For a long time, I didn’t realise these privileges that I continue to draw upon. But if I didn’t have them, I would have—and therein lies the nature of privilege.
We are blind to the privileges we have until we self-reflect or someone points it out. And when this does happen, it can be a huge burden to own up to it because it is uncomfortable. Then as time passes, we become more aware.
A realisation begins to dawn that there is no competition or title. No race for the next slumdog millionaire—or any such compelling metaphor to express deprivation. But even if there were, we would want no part in it.
Acknowledging privilege can help create room. Space for those without the same privileges to express themselves—and in doing so, free them of these burdens somewhat.

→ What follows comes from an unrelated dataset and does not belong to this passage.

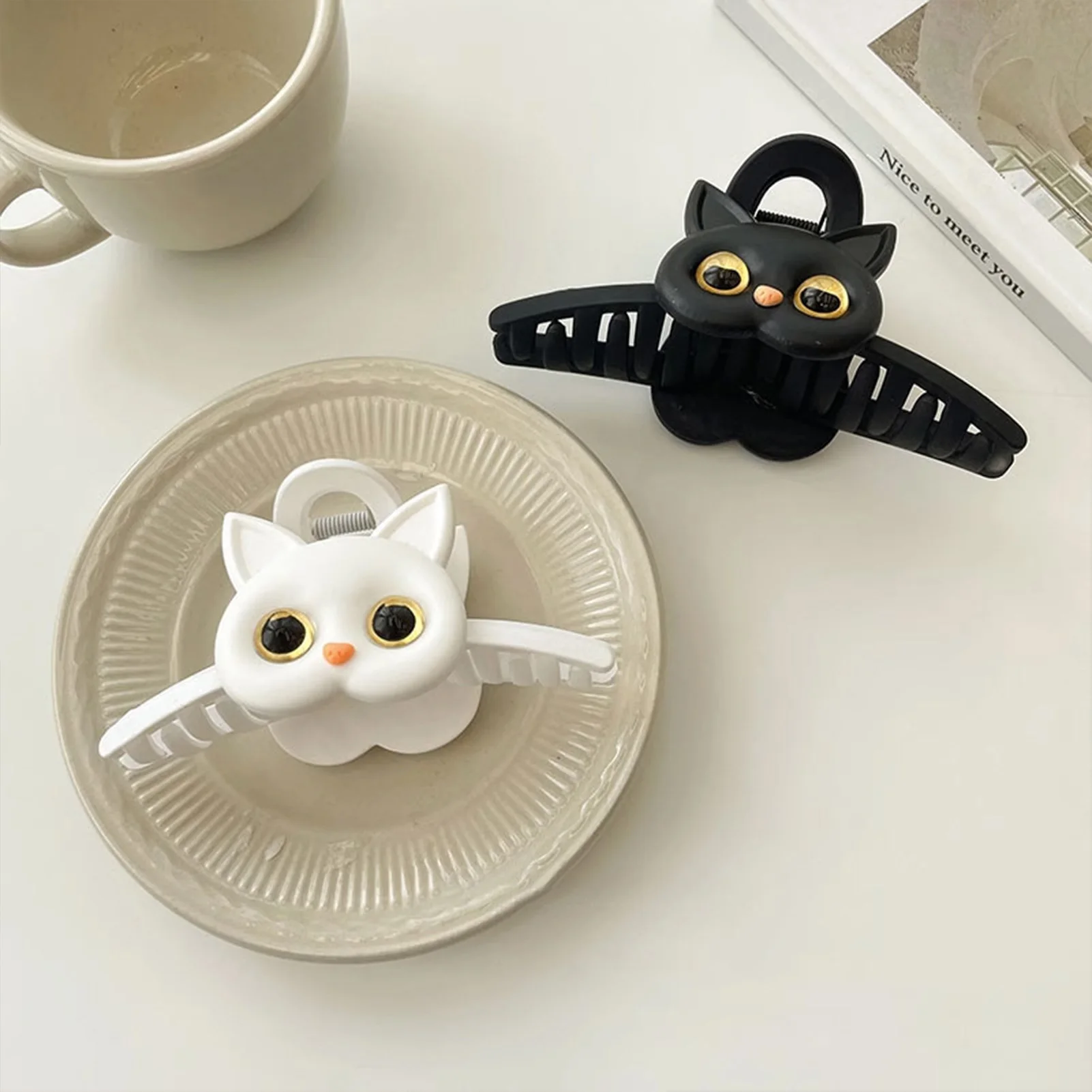 Resin Cat Design Hair Claw Clips Non-slip Large Shark Hair Clamp Barrettes for Girlfriend Wife Mother Gifts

In my own case, thinking about my own privilege may allow me to use it to enact social change. Learning to name and own my privilege is an aid to creating cultures of freedom and growth within and outside.
Often, I am ashamed of my own privileges and feel a sense of wanting to apologise for them. I have to remind myself that owning my privilege does not discount my own experiences.
Many of us, me included, have titles that allow us opportunities as leaders—be it in our workplaces or as parents and educators.
We all understand the work it has taken us or those before us to get there (thoughts on success, meritocracy, and luck is another topic close to my heart, but that is for another day!).
It is about acknowledging others’ struggles and challenges with empathy.
Owning privilege is more about self-awareness and less about guilt.
By asking myself and my close friends to question the power we hold, we start to dig deep. We have real conversations with each other—in personal and professional spheres. We begin to use our roles for the world at large and embrace change for the better. And these actions and thoughts are not inconsequential, by the way.
Our actions create a significant impact on others that look up to us. In doing so, we start learning from each other.
Maya Angelou once said: “when you know better, you do better.”
Having privilege is not wrong. But not acknowledging it is damaging—because owning our privilege sets others free and allows them room on the same boat and helps to create inclusive communities that allow more parity than not.